In Figure (C) above, I selected a point within the left posterior Superior Temporal Sulcus (pSTS) The section on the right in Figure (C) shows those the activation/suppression mapping for that particular point when the subjects were viewing video that contained the relevant object, where red is activation and blue is suppression, and the size of the dot is related to the magnitude of the effect.

The most significant aspect is that there is clustering between related concepts. What this particular instance of clustering represents is probably not meaningful, but it does show that there is a concept driven relational mapping that exists within the brain. This particular clustering pattern is likely to be unique, but it is relatively difficult to discover parts of the brain which show a pattern of activation that does not seem to be semantically organised.

Across the brain as a whole it is hard to see what the overall pattern is, and for any large area that seems to be associated with a particular branch of the semantic tree, at the voxel level there’ll be parts of that area which show seemingly unrelated patterns of activation. To generalise, the semantic map of the brain seems to be strikingly complicated, but at the lowest levels available to us there seems to be systems of activation which are driven by conceptual relationships.

This does not look like how Carruthers suggests that the brain might look, it looks more like relational association is the most fundamental form of organisation, where like is associated with like.

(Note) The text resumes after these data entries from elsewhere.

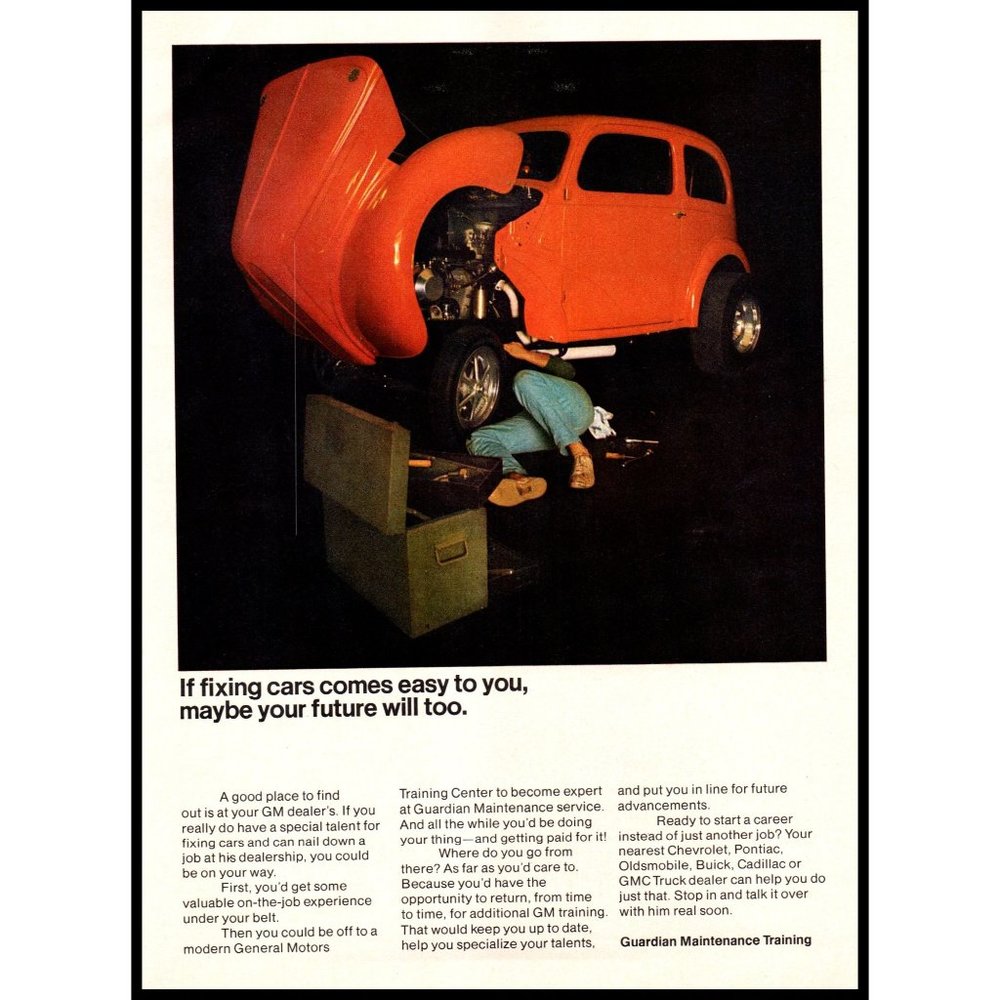 1970 GM General Motors Guardian Maintenance Mechanic Vintage Print Ad Wall Art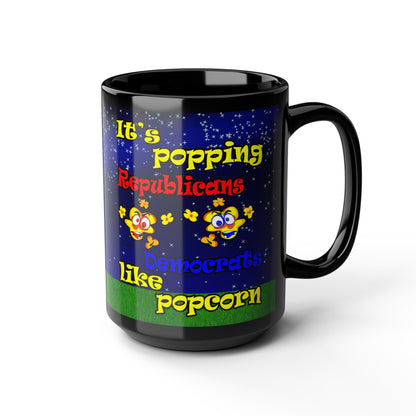 popping like popcorn - Black Mug ('snoops' background)
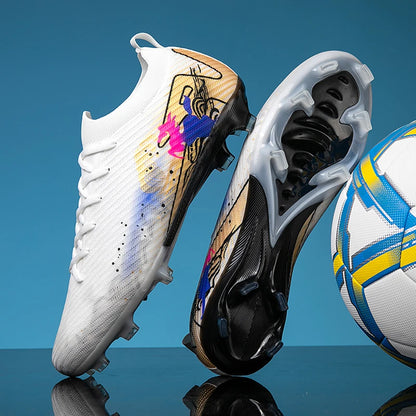 Nouvelles chaussures de football pour hommes, chaussures d'entraînement, chaussures de football à crampons longs, crampons de football ultralégers FG antidérapants pour l'extérieur, livraison directe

This difficulty for Carruthers would be useful to the mysterians had Carruthers’ arguments against HOEs been so week. The primary assertion against HOEs is that to develop them, one would need HOTs, and if one had HOTs then one would not need HOEs, but this is based on a particular view of simulation.

HOEs, Carruthers says the simulationists argue, can be used to simulate the beliefs/mental states of other humans by altering the inputs to our own mental architecture and then emulate what they believe by establishing what we would believe under similar circumstances. That we could believe that another person can hold a belief different to our own, and that there are things that I know that you don’t know is a complicated set of concepts, Carruthers attests that they are too complicated for FOR, therefor they are HOR, and if they are HORS, and not HOEs (as they precede them) they must be HOTs, and if a being has HOTs then why would it need HOEs? But ToM is a prerequisite for HOTs, so while HORs may not explain ToM, they’re not refuted by this argument.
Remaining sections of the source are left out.